First I gave him word of the agreement we had worked out with the Egyptians and Israelis to stabilize the ceasefire and ensure relief supplies to the Egyptian Third Army.3 He was pleased at the news. I then outlined again the strategy you intended to pursue in the coming weeks: to prepare the ground carefully in order to move decisively in the near future. Faisal was encouraged by this and assured me several times of his confidence in you and of his friendship for the United States.

In this context I raised the matter of easing the oil boycott. An energy crisis in America, I told him, would make your position very difficult. It would only strengthen the hand of those forces in the U.S. who were resisting a just settlement and who were seeking to undermine Presidential authority generally. I made the point subtly that we could handle an oil shortage economically but that its real significance was political and psychological as I described.

King Faisal assured me that nothing would please him more than to be able to maintain and even increase oil supplies to his American [Page 922]friends. But he emphasized he was under pressure from the radicals. He pointed out that all Arabs were united on the basic issues and he hoped we would move as expeditiously as possible toward a settlement. He did indicate that he would do his best to overcome his dilemma.

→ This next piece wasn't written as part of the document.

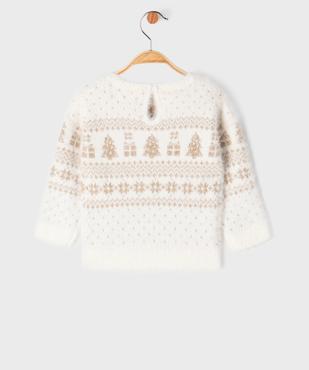 Pull de Noël à motifs pailletés bébé fille vue3 - GEMO(BEBE DEBT) - GEMO
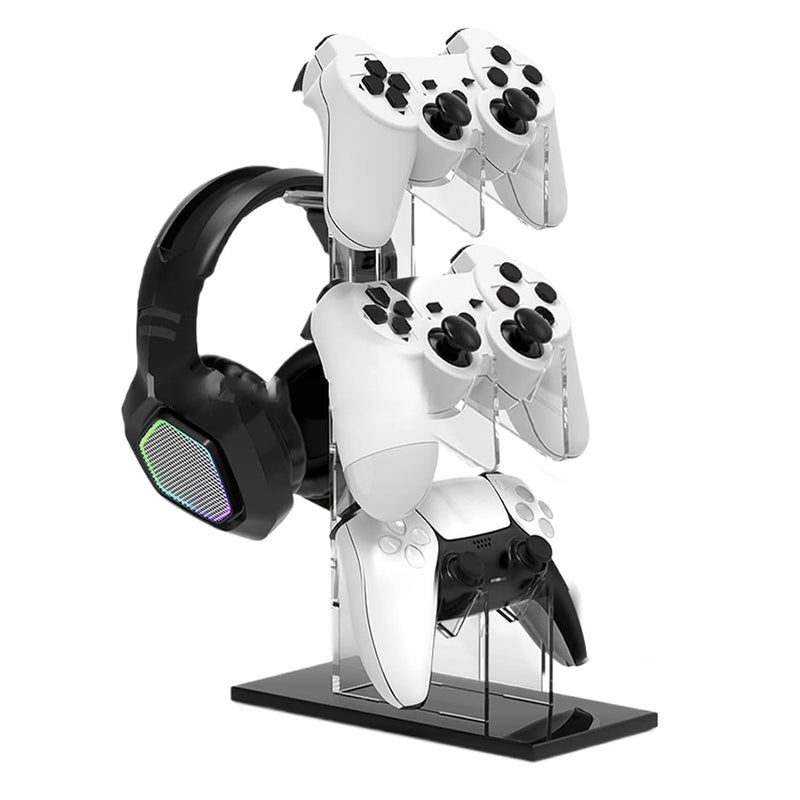 Black 3 Tier Vertical Game Console Headphone Stand Space Saving Display Shelves - Image 2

Immediately after our meeting the King sent his two principal advisers one after the other to encourage us in our present course. Prince Fahd, his Second Deputy Prime Minister, came by for a half hour, and Foreign Minister Saqqaf then met with me for an hour. Fahd said he would do his best to get the oil flowing again. The Foreign Minister said that Saudi Arabia was looking for an excuse to get out of its uncomfortable position of confrontation with the United States.4

Foreign Minister Saqqaf came by again this morning, November 9, before my departure. He said Saudi Arabia needed some pretext to change its position. He thought the announcement of the opening of the peace negotiations (now planned for November 20) could be the occasion for a formal communication by you to Faisal on the oil boycott. He thought the result might well be favorable.

I invited King Faisal to Washington on your behalf. He said he could not come until after some more progress had been made towards peace.

  1. Source: National Archives, Nixon Presidential Materials, NSC Files, Kissinger Office Files, Box 139, Country Files, Middle East, Saudi Arabia, [November–December 1973]. Top Secret; Sensitive; Exclusively Eyes Only.
  2. Telegram Hakto 27, November 9, 0755Z, contained the report and asked Scowcroft to pass it to the President. (Ibid., Box 41, Kissinger Trip Files, HAK Trip—Mideast, Islamabad, Peking, Tokyo, Seoul, HAKTO 1–60, Nov. 5–16, 1973) A memorandum of conversation is ibid., Kissinger Office Files, Box 139, Country Files, Middle East, Saudi Arabia, [November–December 1973].
  3. See Document 324.
  4. Records of these meetings are in the National Archives, Nixon Presidential Materials, NSC Files, Kissinger Office Files, Box 139, Country Files, Middle East, Saudi Arabia, [November–December 1973].